A lot of the discussions about how things will be at next year’s Fringe sound inviting. A regulation on the overpriced accommodation costs during August which are often debilitating. More things online to increase access which is so helpful to many, with Edinburgh’s cobbled streets and stair-only buildings highly useless for those with mobility issues. There would be only 20–30% of the amount of shows there were in 2019, which sounds great because everyone knows it had grown to being just too much for audiences and acts alike. On the other hand, will it just mean that those who are guaranteed to get those show spaces will be acts who’ve already made it big and can sell tickets, so the venues can profit as much as possible with a smaller increase? Won’t that just remove any last vestiges of it being a fringe that it has left?
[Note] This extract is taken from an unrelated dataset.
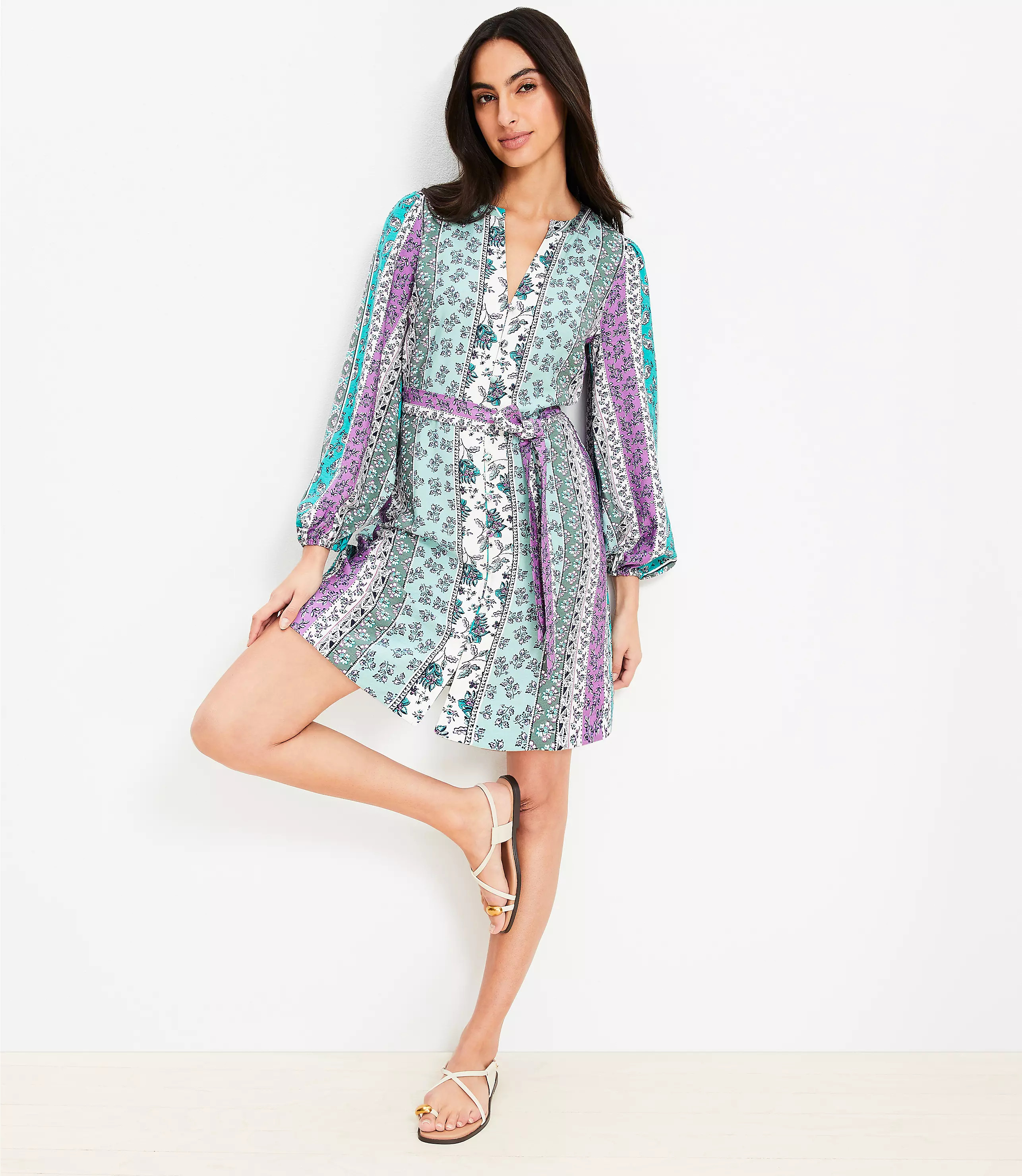 Petite Floral Stripe Belted Mini Dress | LOFT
Walking around a grey skied George Square, filled with only the occasional passer-by, it felt like a microcosm of the world. It’s been nice to assume that this sudden change in our lives, this moment to breathe and take stock for a few months, might lead to a better world. Better environmental care, a greater understanding of the support people need, how best to adapt work and life to where we are now to the benefit of all of us. None of that is happening, and instead, if anything, the ‘New Normal’ seems largely like it’ll have kept all the worst bits of the old one and streamlined the rest. Like a washing product, the plan from the government seems to be that this ‘New Normal’ will just be more expensive than ever, and depressingly, whiter than white. Schools have to re-open for ‘moral duty’. Everyone must return to their workplaces because they always have done, contemplating change is hard, and spending time with family can’t be that good for you obviously. We should all continue to fly and drive and pollute because I’m sure it’ll all just sort itself out and no one liked hearing all that noisy bird song anyway or being hopeful about our grandchildren’s future. Oh we’re all aware that now should be a turning point, but can see that instead it’s full circle leaving us facing the wrong way again, and we’re all letting it happen because we’re too exhausted to fight it. On a much smaller scale, the Edinburgh Fringe should come back next year having smoothed out all the things we’ve all known have been wrong about it for years. It should be more accessible for everyone, a proper hub for exciting and breakthrough, industry changing art. That’s what should happen. But I have this overwhelming hunch that instead, like the rest of Britain, it’ll just now be even more for the select few. Of course, I hope I’m wrong and walking round the empty streets, I could think of nothing better than them filled up once again with people barking at me to see shows I have to think of excuses to avoid so I can eat a baked potato the size of my head and bump into several people I can’t remember the names of. Fingers crossed the good bits return with less of the bad. Not least so I can put on my posters next year that I had a sell-out run in 2020, even if you and I both know that that seagull did looked bored out of its tiny mind.